[Libvir] Autostarting guests and networks

Hey, We need some way to have libvirtd automatically start guests and networks. We had said we should have autostart directories containing config files of guests/networks which should be autostarted. One problem I see with that is that we'd need a new API to define autostart configs. So, I suggest we add an "autostart" flag to the toplevel element of the configs. We could discuss this one at length and I, for one, don't like using the XML format as an API like this, but ... comments? Cheers, Mark.

On Fri, Feb 16, 2007 at 02:51:07PM +0000, Mark McLoughlin wrote:
Hey, We need some way to have libvirtd automatically start guests and networks.
We had said we should have autostart directories containing config files of guests/networks which should be autostarted. One problem I see with that is that we'd need a new API to define autostart configs.
So, I suggest we add an "autostart" flag to the toplevel element of the configs.
We could discuss this one at length and I, for one, don't like using the XML format as an API like this, but ... comments?
I'm not sure that adding a flag to the XML is neccessarily the correct way to do this. The XML is intended to be a description of the VM's virtual hardware / resources. Whether a domain autostarts or not is really administrator defined policy which doesn't match up with intended use of the XML. Similar reason we don't put VCPU pinning information in the XML, because its local machine / administrator defined policy rather than a part of the VM hardware description. I think I'd probably be more inclined to add a formal API for querying whether a domain autostarts, and a second for setting the autostart flag on/off. The old Xend just stuffs VM configs into a special directory to autostart, so we can detect that by looking for appropriate symlins, and change it by adding/removing the symlinks. The newer Xen 3.0.4 or later has a formal API for setting/querying autostart I believe, but can't remember the details just at the minute. Dan. -- |=- Red Hat, Engineering, Emerging Technologies, Boston. +1 978 392 2496 -=| |=- Perl modules: http://search.cpan.org/~danberr/ -=| |=- Projects: http://freshmeat.net/~danielpb/ -=| |=- GnuPG: 7D3B9505 F3C9 553F A1DA 4AC2 5648 23C1 B3DF F742 7D3B 9505 -=|

On 2/17/07, Daniel P. Berrange <berrange@redhat.com> wrote:
On Fri, Feb 16, 2007 at 02:51:07PM +0000, Mark McLoughlin wrote:
Hey, We need some way to have libvirtd automatically start guests and networks.
We had said we should have autostart directories containing config files of guests/networks which should be autostarted.

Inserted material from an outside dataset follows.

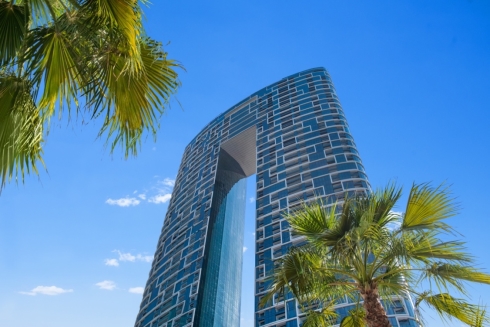 Image for Address Beach Resort Places Sustainability As A Top Priority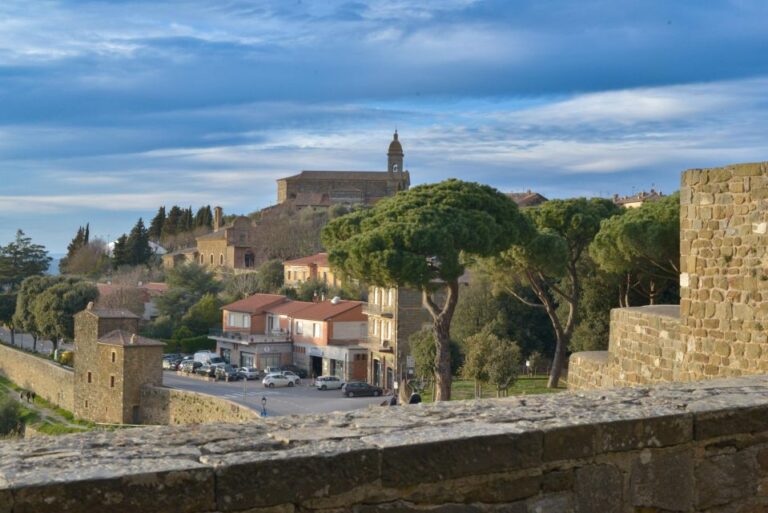 A Wine Bliss in Montalcino, Montepulciano, Val DOrcia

One problem I see with that is that we'd need a new API to define autostart configs.
So, I suggest we add an "autostart" flag to the toplevel element of the configs.
We could discuss this one at length and I, for one, don't like using the XML format as an API like this, but ... comments?
I'm not sure that adding a flag to the XML is neccessarily the correct way to do this. The XML is intended to be a description of the VM's virtual hardware / resources. Whether a domain autostarts or not is really administrator defined policy which doesn't match up with intended use of the XML. Similar reason we don't put VCPU pinning information in the XML, because its local machine / administrator defined policy rather than a part of the VM hardware description.
I think I'd probably be more inclined to add a formal API for querying whether a domain autostarts, and a second for setting the autostart flag on/off.
Agreed let's not mix policies and data. However I assume the API would allow to define directories for autostarted configs. I guess having predefined dirs for such data is a common concept. And trying to hard code it like /etc/xen is really not the best. IIRC we already have a config file now for some daemons, can we have such directories entries in the config file ? I guess it would give the flexibility required for most uses while keeping a relatively sane API and avoiding putting the policy in the data themselve.
The old Xend just stuffs VM configs into a special directory to autostart, so we can detect that by looking for appropriate symlins, and change it by adding/removing the symlinks. The newer Xen 3.0.4 or later has a formal API for setting/querying autostart I believe, but can't remember the details just at the minute.
Do we need to match the new Xend mechanism ? Daniel

On Sat, 2007-02-17 at 14:12 +0800, Daniel Veillard wrote:
Agreed let's not mix policies and data. However I assume the API would allow to define directories for autostarted configs. I guess having predefined dirs for such data is a common concept. And trying to hard code it like /etc/xen is really not the best. IIRC we already have a config file now for some daemons, can we have such directories entries in the config file ? I guess it would give the flexibility required for most uses while keeping a relatively sane API and avoiding putting the policy in the data themselve.
I don't think this is specific to the autostart support - i.e. we already define /etc/libvirt/qemu as the location for qemud domain definitions and don't have a configurable way of allowing other directories. I've no objection to allowing multiple locations and making that configurable, but there is a few things to bear in mind: - The common idiom for this is a stack of directories where definitions in later dirs higher in the stack override definitions in lower dirs - When a definition is saved, should it be saved in the highest dir in the stack, or where it was originally defined, or the later if it's writable but fall back to the former? - What about the mismatch between filenames and domain names? 1) Identical filenames with different domain names - if you have domain Foo in /etc/libvirt/qemud/foo.xml and domain Bar in /mydomains/foo.xml, should both domains be loaded or just the highest foo.xml in the stack? (If the former - think about saving. If e.g. you save Foo, it may be saved to /mydomains/foo.xml, overwriting the definition for Bar) 2) Identical domain names with different file names - if you have domain Foo defined in /etc/libvirt/qemud/foo.xml and another definition of domain Foo from /mydomains/bar.xml, should the highest definition win? Cheers, Mark.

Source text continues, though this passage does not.